How do I play a roleplaying game?
If you’ve played other roleplaying games before and have no interest in reading yet another introduction to the hobby, you might want to skip ahead to the next section on how this game compares to other tabletop roleplaying games. If you haven’t played many roleplaying games before (or even none at all), then you might find this part useful. Rather than try to provide a description of how roleplaying games work, though, let’s just play one.
We play roleplaying games with our friends. Gather two or three of your friends and get comfortable. This game will take 15-20 minutes.
They let us explore interesting scenarios. Tell your friends that you’ll take on the roles of a band of hunters in the Fifth World, a neotribal, ecotopian future four hundred years after the collapse of civilization. Your story takes place right here, where you find yourself sitting right now, but 144,000 days from today (395 years from now). Runaway climate change has melted the ice caps, raised the seas, and turned earth into a jungle planet, from the equator to the poles.
They give us a chance to put ourselves in someone else’s life. Take turns asking each other three questions about your hunters. Which of you has the most experience? Which of you has the most to prove? Which of you has the most to learn?
They thrive on sticky situations. Start things off as you catch sight of a small family of deer in the jungle.
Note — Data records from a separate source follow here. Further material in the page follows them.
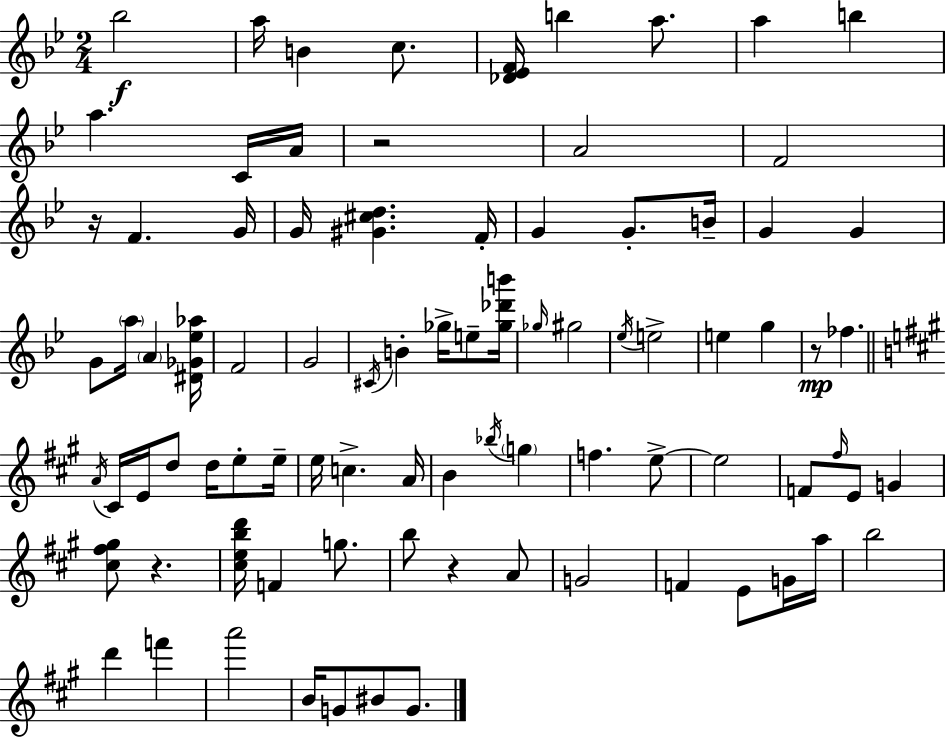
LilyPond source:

{
  \clef treble
  \numericTimeSignature
  \time 2/4
  \key bes \major
  bes''2\f | a''16 b'4 c''8. | <des' ees' f'>16 b''4 a''8. | a''4 b''4 | \break a''4. c'16 a'16 | r2 | a'2 | f'2 | \break r16 f'4. g'16 | g'16 <gis' cis'' d''>4. f'16-. | g'4 g'8.-. b'16-- | g'4 g'4 | \break g'8 \parenthesize a''16 \parenthesize a'4 <dis' ges' ees'' aes''>16 | f'2 | g'2 | \acciaccatura { cis'16 } b'4-. ges''16-> e''8-- | \break <ges'' des''' b'''>16 \grace { ges''16 } gis''2 | \acciaccatura { ees''16 } e''2-> | e''4 g''4 | r8\mp fes''4. | \break \bar "||" \break \key a \major \acciaccatura { a'16 } cis'16 e'16 d''8 d''16 e''8-. | e''16-- e''16 c''4.-> | a'16 b'4 \acciaccatura { bes''16 } \parenthesize g''4 | f''4. | \break e''8->~~ e''2 | f'8 \grace { fis''16 } e'8 g'4 | <cis'' fis'' gis''>8 r4. | <cis'' e'' b'' d'''>16 f'4 | \break g''8. b''8 r4 | a'8 g'2 | f'4 e'8 | g'16 a''16 b''2 | \break d'''4 f'''4 | a'''2 | b'16 g'8 bis'8 | g'8. \bar "|."
}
The stag looks at you. He sees you, but he doesn’t run. You see the recognition in his eyes, inviting you to a dance of death older than humanity itself. He’s accepted the distinct possibility that he’ll die today, that his flesh will become yours and your kin’s. But that doesn’t mean he intends to make it easy for you.
They unfold as collaborative, waking dreams. Pick one player to take the focus. She can only tell us what her hunter thinks, says, and does. The others can say what their own hunters say and do, as well as what happens in the rest of the world (like what the stag does).
They give us opportunities to express our own sense of drama. When the player in focus says that she does something that sounds difficult (perhaps “I shoot the stag with an arrow right in the heart”), say, “That sounds difficult.” If she describes something that sounds dangerous (perhaps “I leap over the chasm in pursuit of the stag”), say, “That sounds dangerous.” She might even say something that sounds both difficult and dangerous (perhaps “I take to the trees to get above the stag, then jump down on its back”), in which case one of you should say, “That sounds difficult” and someone else should immediately say, “That sounds dangerous.”
They give us more interesting stories than we could tell on our own. If the player in focus says that she did something difficult, a third player describes what she’ll need to do to succeed. If she did something dangerous, a third player describes who gets hurt and how badly.
They loop from building up tension to releasing it. When you get out of one situation, pick another player to take the focus and set up a new situation. Keep playing until your hunters return home. If you want to keep going after that, continue on — you’ll find this game has some things in common with the simple game you just played, plus some more that you’ll find will bring you more deeply into the Fifth World.